Number 709, November 17, 2004
by Phil Schewe, Ben Stein
What Propels A Book To The Top Of Online Sales
Is the latest bestseller simply the product of clever marketing or
has it truly permeated society? Will its popularity wane as quickly
as it appeared or will the book be a classic for future generations?
Though these questions seem to lay outside the realm of science, scientists
can actually obtain deep insights into these issues by using the tools
of statistical physics, which can predict the rates at which certain
events occur, such as the number of aftershocks following a major earthquake
or the number of large avalanches in a given sandpile.
Using a unique database of the Amazon.com rankings of book sales,
scientists (Thomas Gilbert, UC-Berkeley, 510-642-5295, firstname.lastname@example.org)
followed the chart histories of books that reached the top 50 in sales.
The researchers found that the bestsellers generally reach their sales
peaks in one of two ways, which they classify as "exogenous shocks"
(e.g., a rave review in the New York Times) and endogenous shocks
(e.g., word of mouth). An endogenous shock appears slowly but results
in a long-lived growth and decline of sales owing to small but very
extensive interactions in the network of buyers.
For example, "The Divine Secrets of the Ya-Ya Sisterhood,"
reached the bestseller lists two years after it came out (and without
a major marketing campaign) by making the rounds of book-discussion
clubs and inspiring women to form "Ya-Ya Sisterhood" groups
of their own. In contrast, an exogenous shock (rave review) appears
suddenly and propels a book to bestseller status; however, these sales
typically decline rapidly, much more quickly than those that made the
charts via word-of-mouth.
In either case, single triggering events (e.g., a mention on Oprah)

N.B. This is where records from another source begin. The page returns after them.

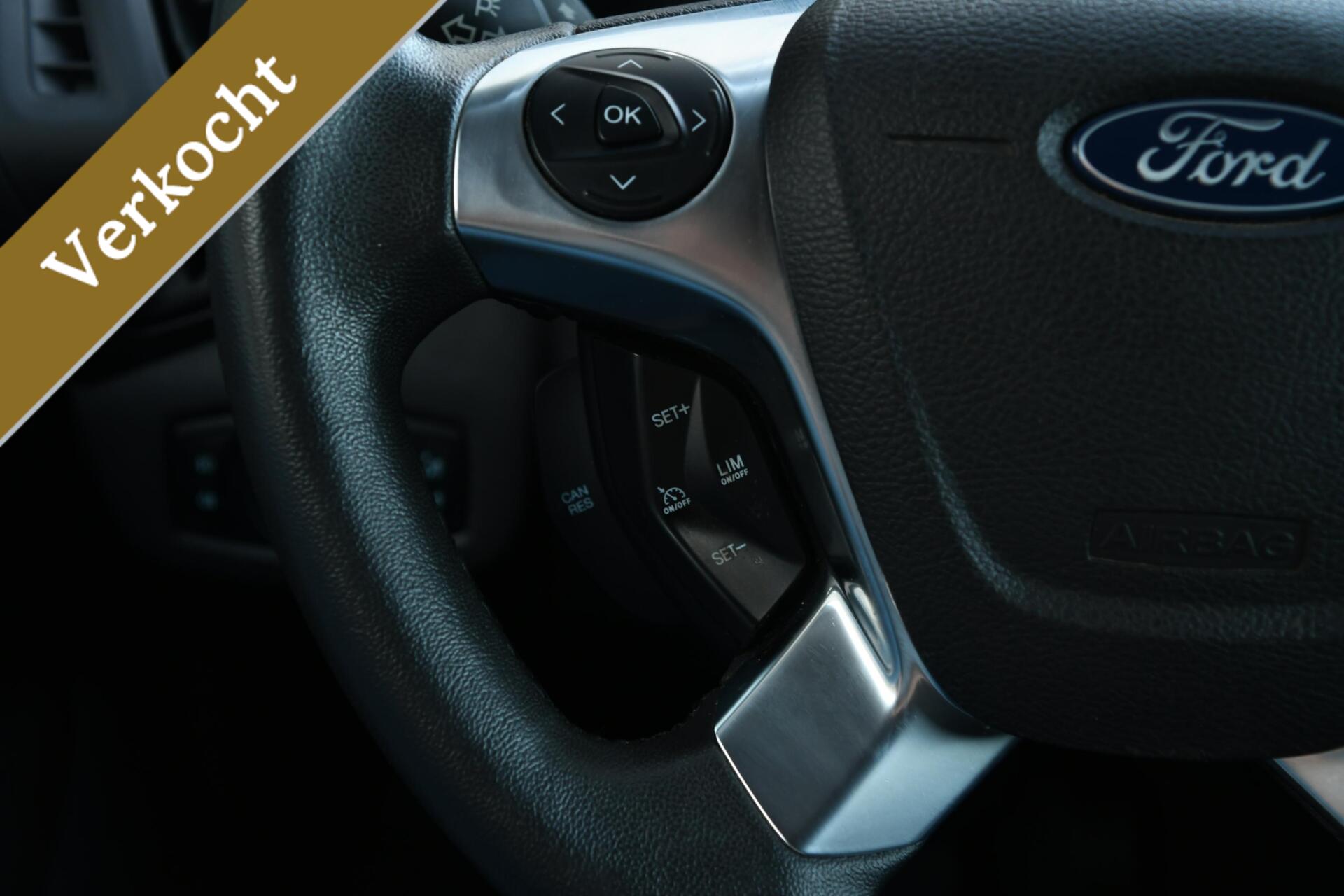 Foto van Ford Transit Connect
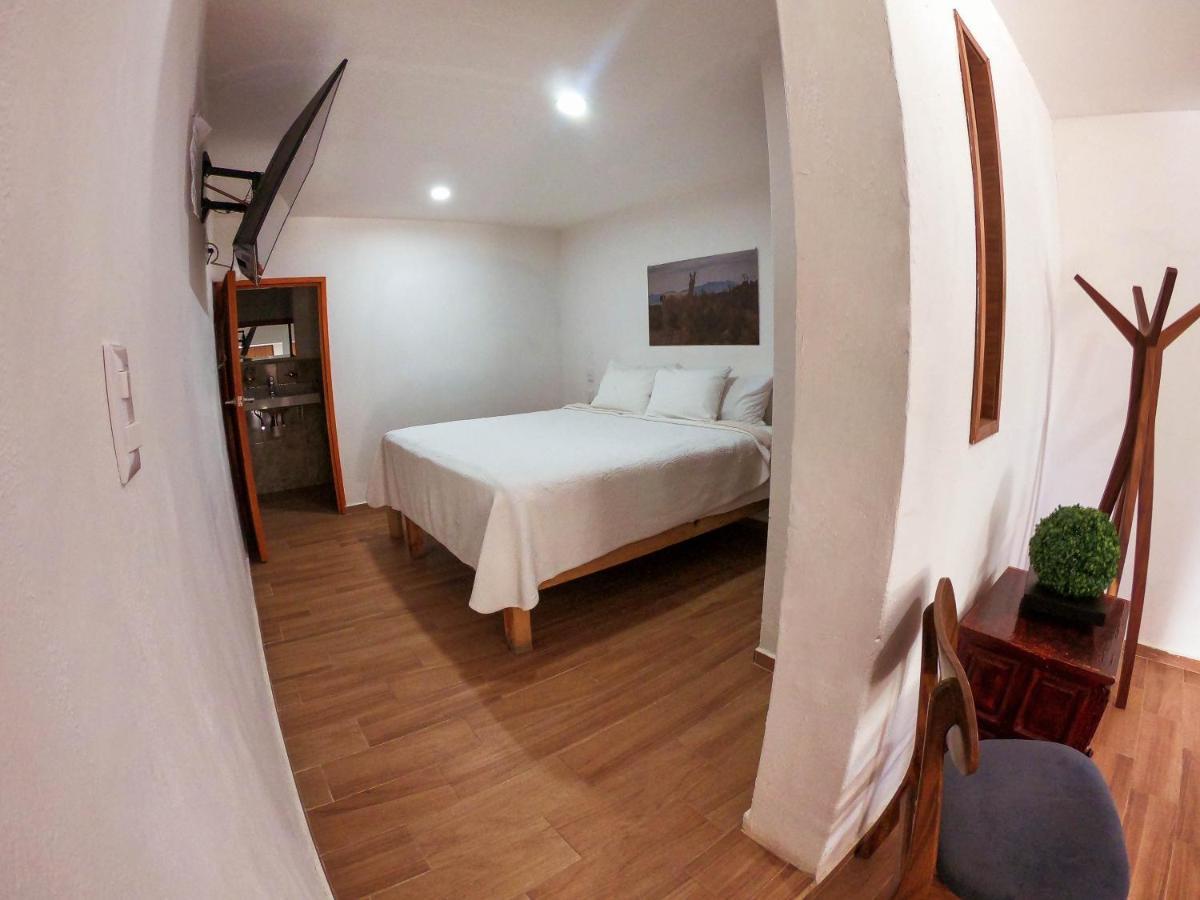Hotel Real Carretero à Tapalpa Extérieur photo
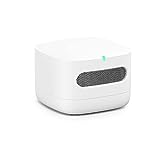 Wir stellen vor: Amazon Smart Air Quality Monitor – Smartes Luftqualitätsmessgerät von Amazon | Ihre Luftwerte im Blick, funktioniert mit Alex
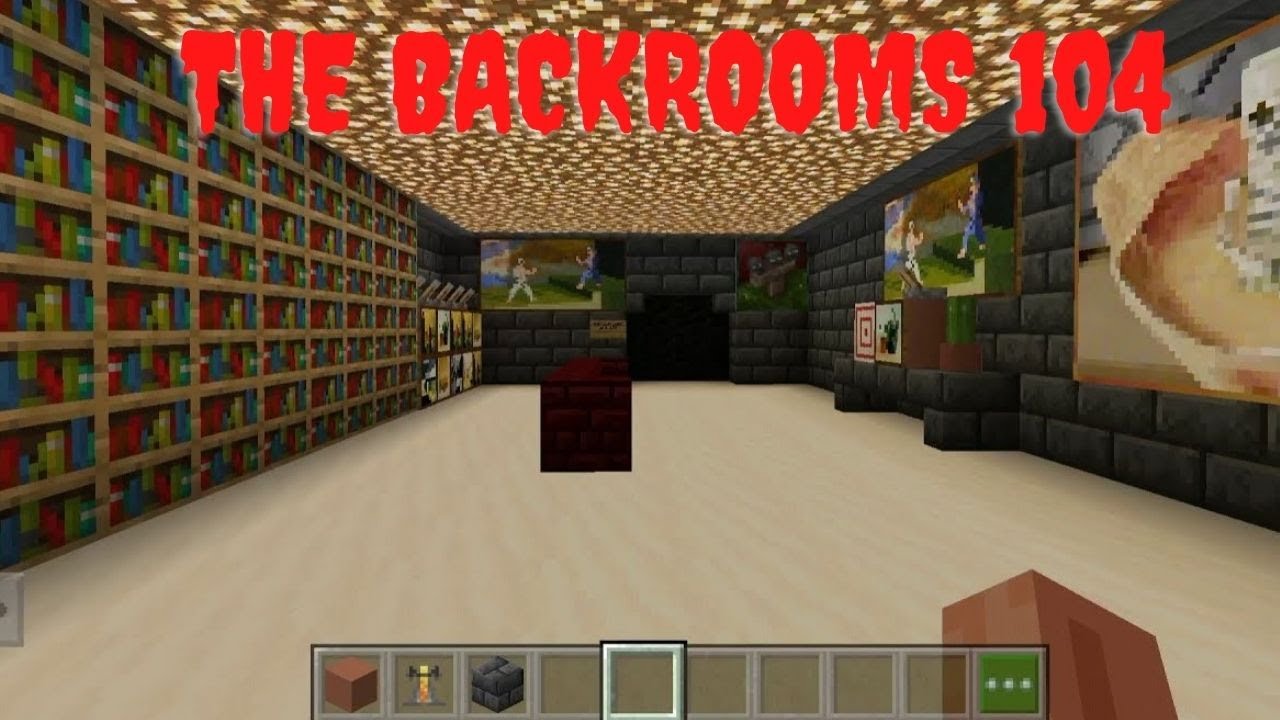 Карта закулисье в майнкрафт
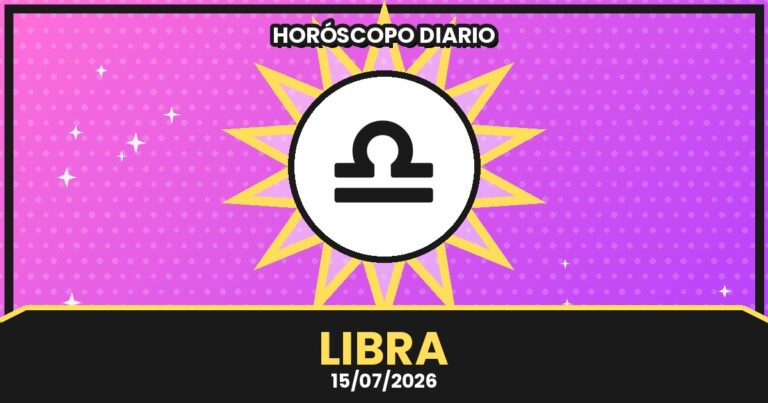 Horóscopo Libra - 2026-07-15 5 horoscopo libra 2026 07 15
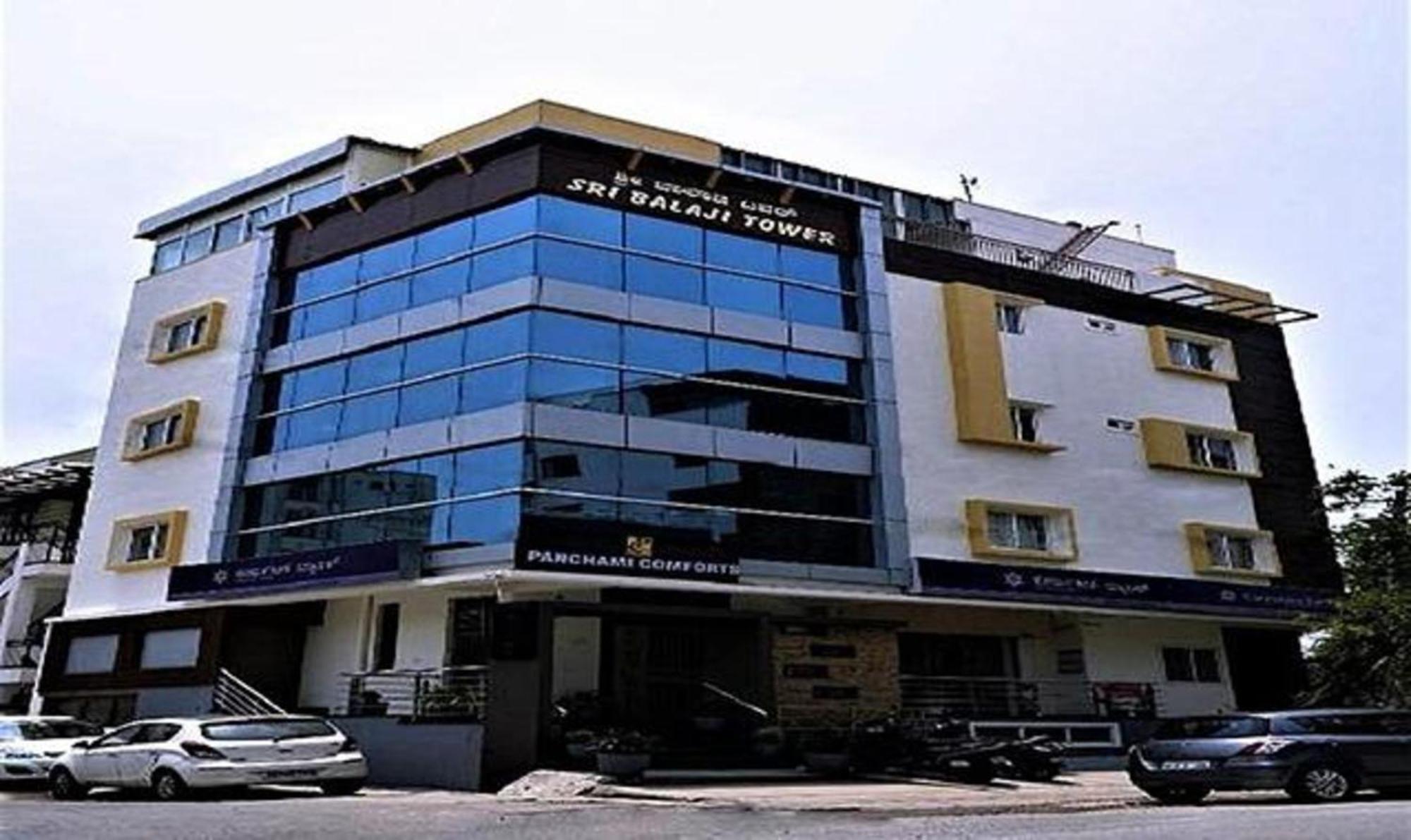 Fabhotel Panchami Comforts Bangalore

appear to have much less effect on the sales history of a book than
the actions of interconnected groups of people, who may pick up the
book after multiple conversations with acquaintances or by hearing about
the book secondhand or by remembering a friend's recommendation months
or even years after the book comes out.
According to the researchers, marketing agencies could apply their
method of classifying and analyzing bestsellers to measure and to maximize
the impact of their publicity on the network of potential buyers. (Sornette,
Deschatres, Gilbert, and Ageon, Physical Review Letters, 26 November
Atom lithography, shooting sculpted beams of atoms at a substrate,
can create lines of deposited atoms with widths as narrow as 50 nm.
Two groups in Holland have separately carried out experiments in which
atoms, heated in an oven, released through a baffle, cooled
by laser rays striking the beam at right angles, and then focused in
optical microlenses consisting of opposing laser beams.
In the case of physicists at Eindhoven University of Technology (contact
Ton van Leeuwen, 31-40-2474094, email@example.com) the best resulting
grid of iron atoms had lines only 50 nm wide and spaced consistently
186 nm apart. The researchers expect to achieve 10-nm lines, but their
chief aim is to move from producing simple grid patterns to making more
elaborate patterns with holographic and other techniques. They are also
pursuing a "single-point writer" option, in which the full
atomic beam will be focused to a single, very intense spot.
What is the advantage of such slow atom-beam approach to lithography?
Mainly it is the directness of the method for inscribing microcircuitry
(no etching or use of masks) and exercising great control over line
width and spacing. The researchers also admit that there are imposing
technological hurdles to using this approach on an industrial scale.
Short-term applications would most likely be for making MEMS-like structures
(te Sligte et al.,
Applied Physics Letters, November 8, 2004; lab website at http://www.phys.tue.nl/aow).
The other Dutch group, at Radboud University Nijmegen, has laid down
their own grid of iron atoms with lines 95 nm in width, 186 nm apart,
and covering an area of 1.6 x .4 mm2. (Myszkiewicz
et al., Applied Physics Letters, October 25, 2004; contact
Theo Rasing, 31-24-3653102) The two groups are now working together
on some joint ventures.
An Avalanche Spin-Valve Transistor
An avalanche spin-valve transistor switches a current "on"
or "off" depending on whether the magnetizations of two thin
films are parallel (large current) or anti-parallel (small current).
Such a spintronic transistor is somewhat like the giant magnetoresistance
(GMR) read heads in hard drives, but is 10 to 100 times more sensitive.
The usual drawback of spin-valve transistors, a weak output current,
is, in the Harvard lab of Venkatesh Narayanamurti, overcome by using
an avalanche process much like the one used in photodetectors---an incoming
electron ionizes several secondary electrons, each of which ionizes
still more electrons, adding up in the end to a sizable current.